● **DATA EXTRACT**:
******************************
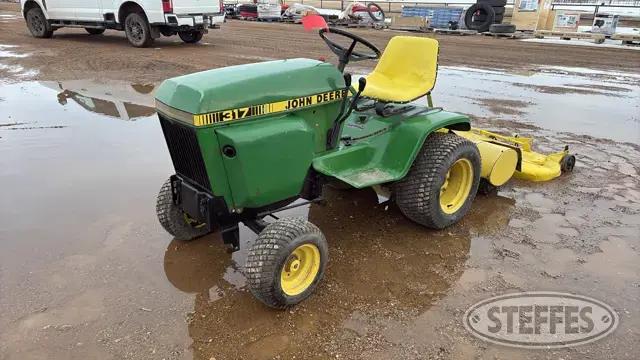 John Deere 317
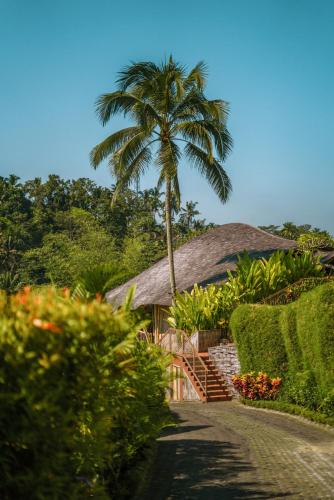 K Club Ubud — Property building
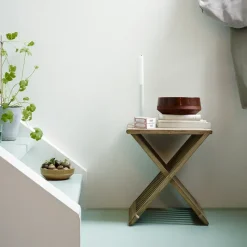 Taburete Fionia, teca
******************************
● **WORK ITEM**: Instruction for this listing: copy it exactly, but leave the images behind.

● **OUTPUT FOR THIS EXERCISE**:
 John Deere 317
 K Club Ubud — Property building
 Taburete Fionia, teca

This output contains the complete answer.